-- Opening Marker --
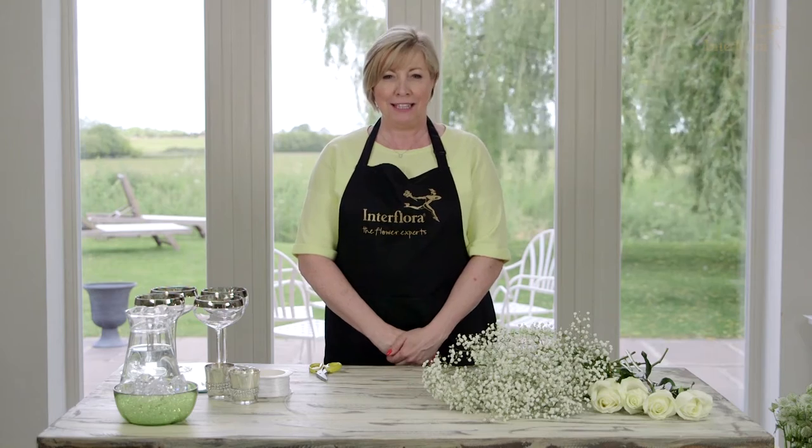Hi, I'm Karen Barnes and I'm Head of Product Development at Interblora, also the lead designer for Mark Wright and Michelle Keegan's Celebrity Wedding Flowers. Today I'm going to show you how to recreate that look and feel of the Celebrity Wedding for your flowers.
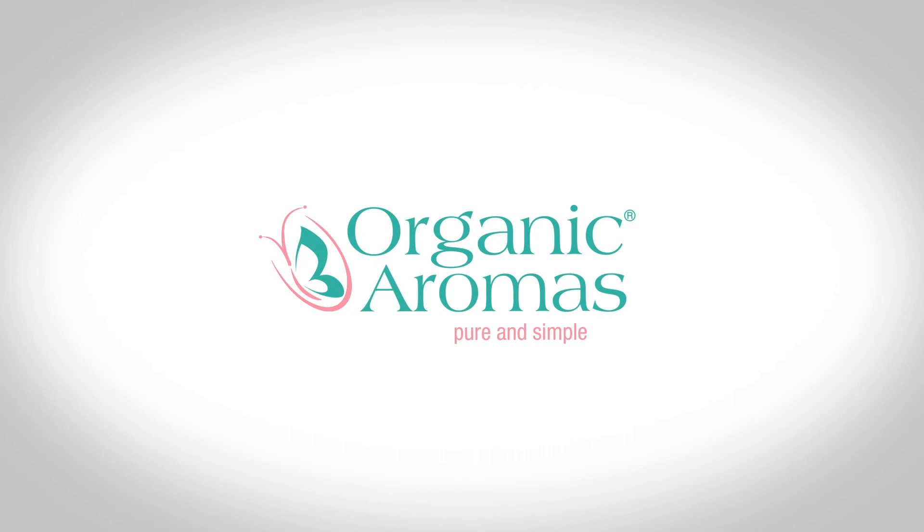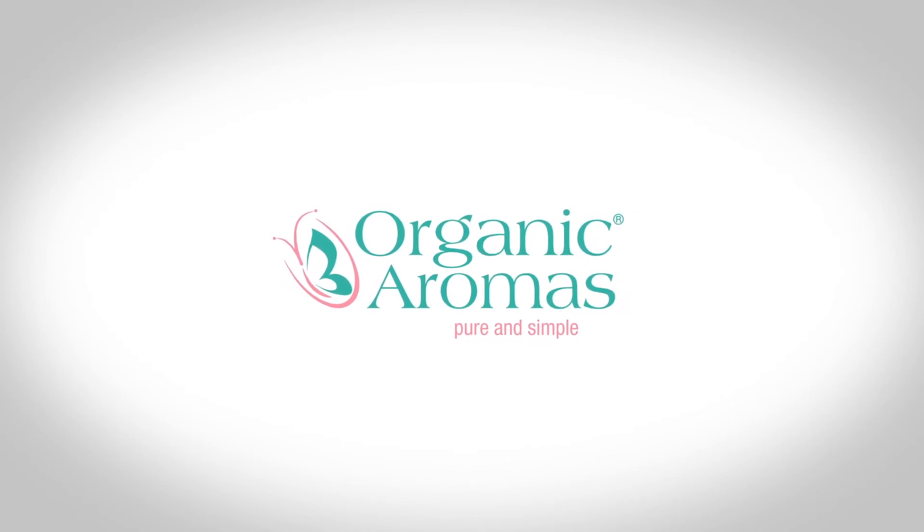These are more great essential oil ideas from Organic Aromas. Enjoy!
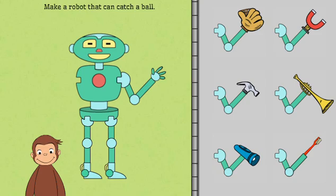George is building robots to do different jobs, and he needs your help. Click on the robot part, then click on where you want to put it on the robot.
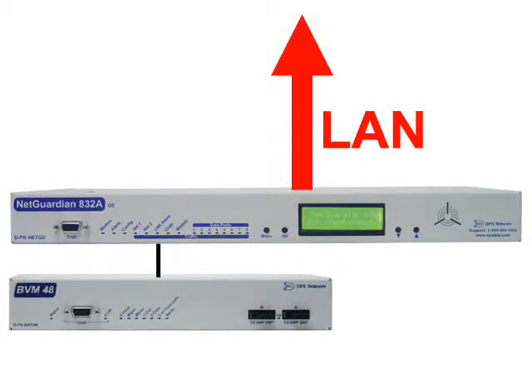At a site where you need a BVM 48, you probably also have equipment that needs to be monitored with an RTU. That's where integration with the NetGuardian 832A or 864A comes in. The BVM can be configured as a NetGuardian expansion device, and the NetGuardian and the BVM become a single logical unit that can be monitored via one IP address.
-- Closing Marker --
Would you repeat the material above exactly, line for line, from its first line to the line with "George is building", including both and skipping every picture?

WORKED SOLUTION —
Hi, I'm Karen Barnes and I'm Head of Product Development at Interblora, also the lead designer for Mark Wright and Michelle Keegan's Celebrity Wedding Flowers. Today I'm going to show you how to recreate that look and feel of the Celebrity Wedding for your flowers.
These are more great essential oil ideas from Organic Aromas. Enjoy!
George is building robots to do different jobs, and he needs your help. Click on the robot part, then click on where you want to put it on the robot.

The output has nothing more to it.